Exercise instructions:
Your reply should contain the whole listing below, repeated exactly, and no images.

Supplied material:
= Beginning of Section =

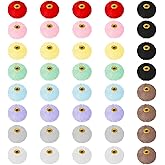 40 Piece Colorful Soft Fluffy Beads Faux Fur Pom Pom Beads 10 Colors Soft Puff Spacer Bead for DIY Jewelry Bracelets Pens Keychains Earrings Craft Accessories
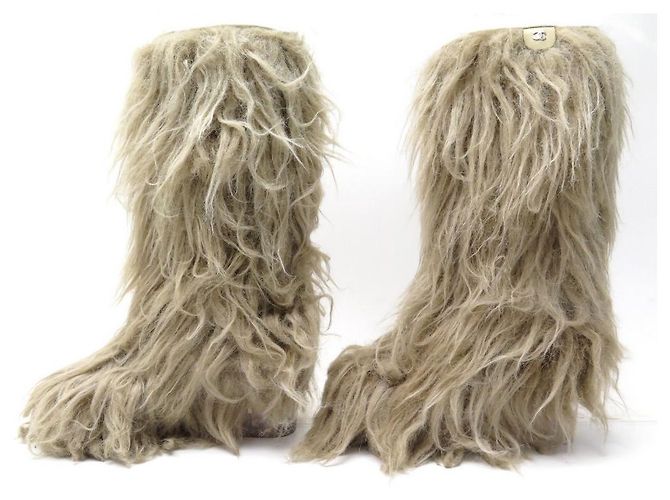 Tamanho de botas Chanel 36 BOTAS BEGE DE PELE Falso - vista 2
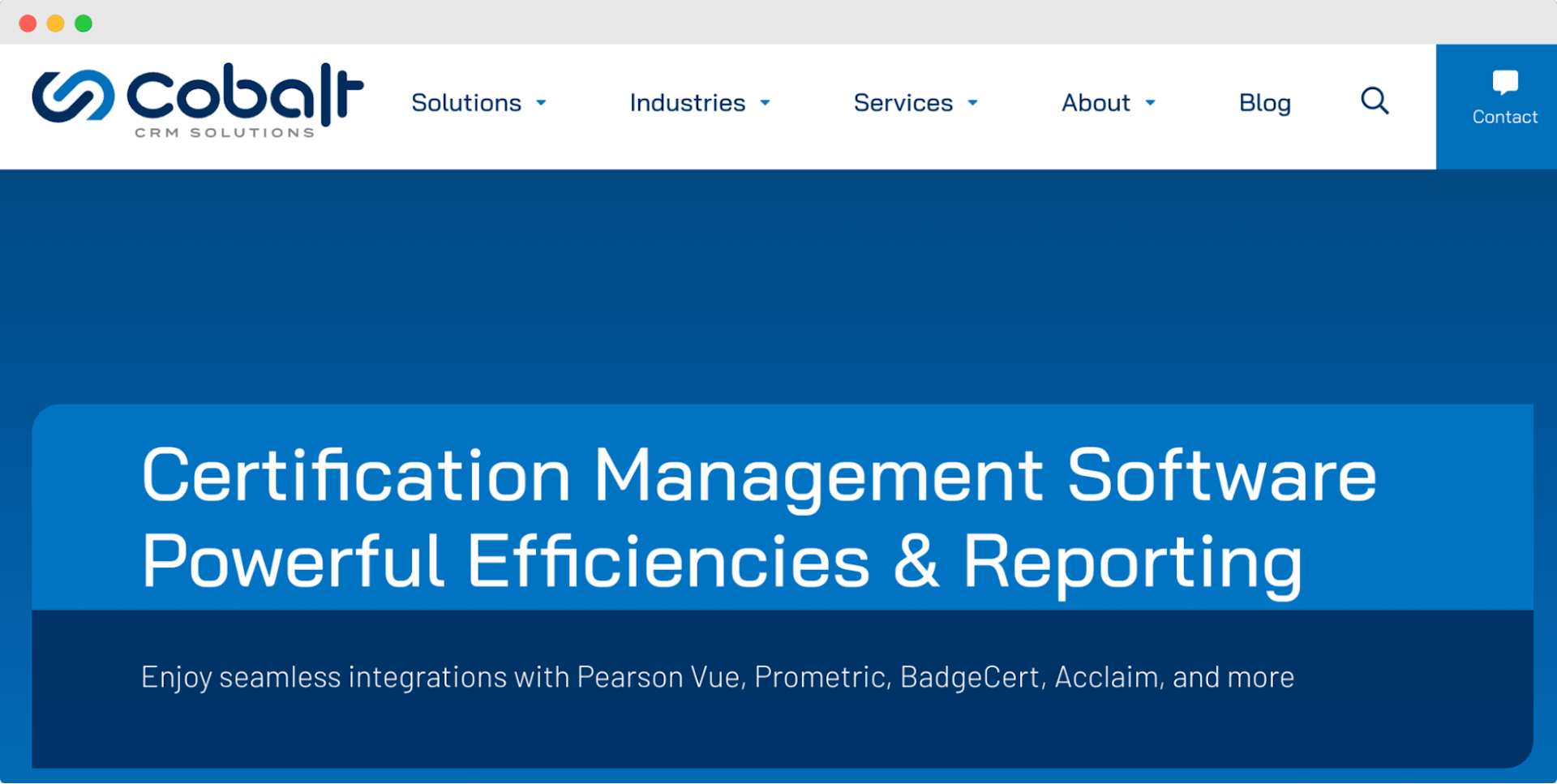 Cobalt certification software homepage.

= End of Section =

Exercise answer:
 40 Piece Colorful Soft Fluffy Beads Faux Fur Pom Pom Beads 10 Colors Soft Puff Spacer Bead for DIY Jewelry Bracelets Pens Keychains Earrings Craft Accessories
 Tamanho de botas Chanel 36 BOTAS BEGE DE PELE Falso - vista 2
 Cobalt certification software homepage.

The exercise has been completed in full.